> [What the exercise asks]:
Please return every line in the following data that includes the string "with".

> [Source material]:
┄┄┄┄┄┄

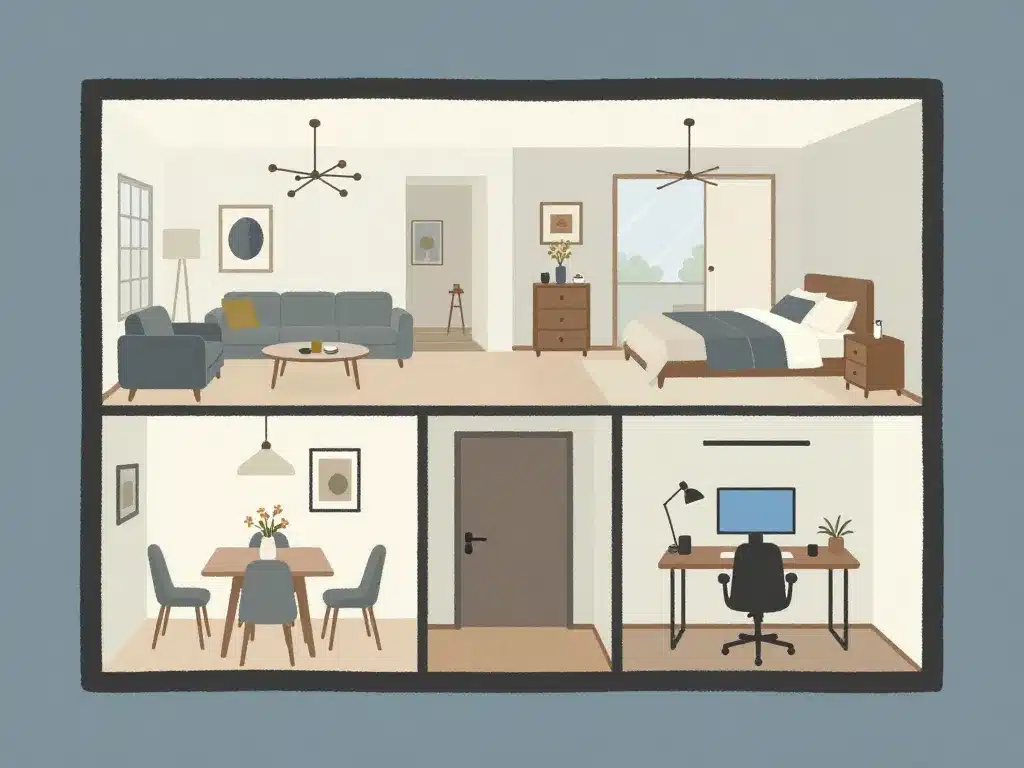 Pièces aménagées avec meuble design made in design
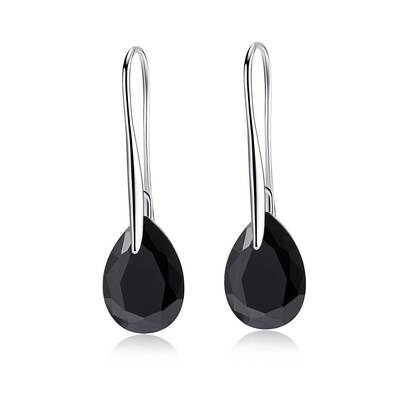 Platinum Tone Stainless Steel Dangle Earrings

┄┄┄┄┄┄

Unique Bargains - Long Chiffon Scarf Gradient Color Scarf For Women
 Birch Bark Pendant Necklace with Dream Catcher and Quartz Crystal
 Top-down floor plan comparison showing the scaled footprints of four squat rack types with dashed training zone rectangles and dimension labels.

┄┄┄┄┄┄

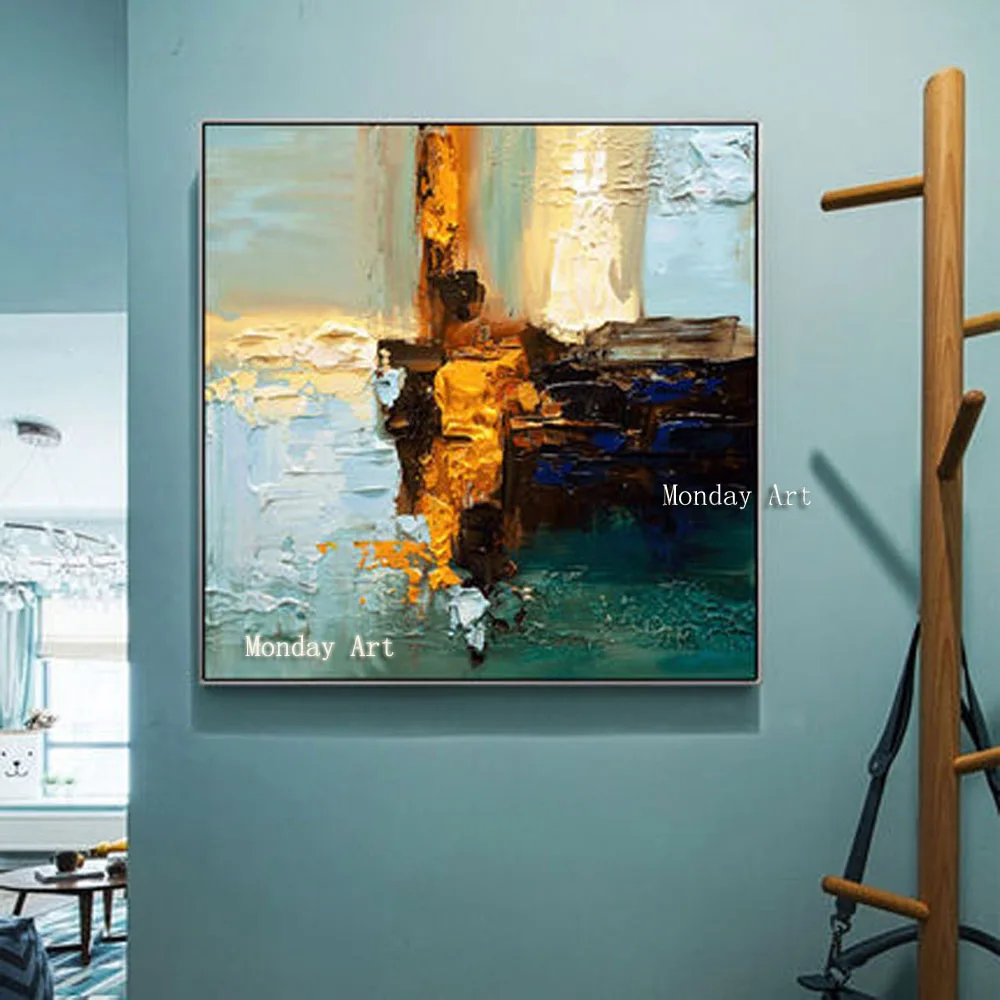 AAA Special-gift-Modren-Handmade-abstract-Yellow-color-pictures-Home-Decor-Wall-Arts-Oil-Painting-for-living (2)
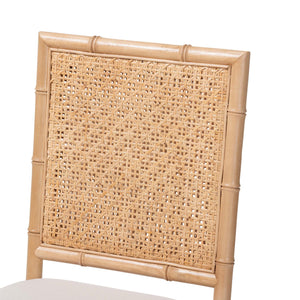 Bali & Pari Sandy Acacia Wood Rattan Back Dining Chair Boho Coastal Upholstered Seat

┄┄┄┄┄┄

> [Answer to the problem]:
 Birch Bark Pendant Necklace with Dream Catcher and Quartz Crystal
 Top-down floor plan comparison showing the scaled footprints of four squat rack types with dashed training zone rectangles and dimension labels.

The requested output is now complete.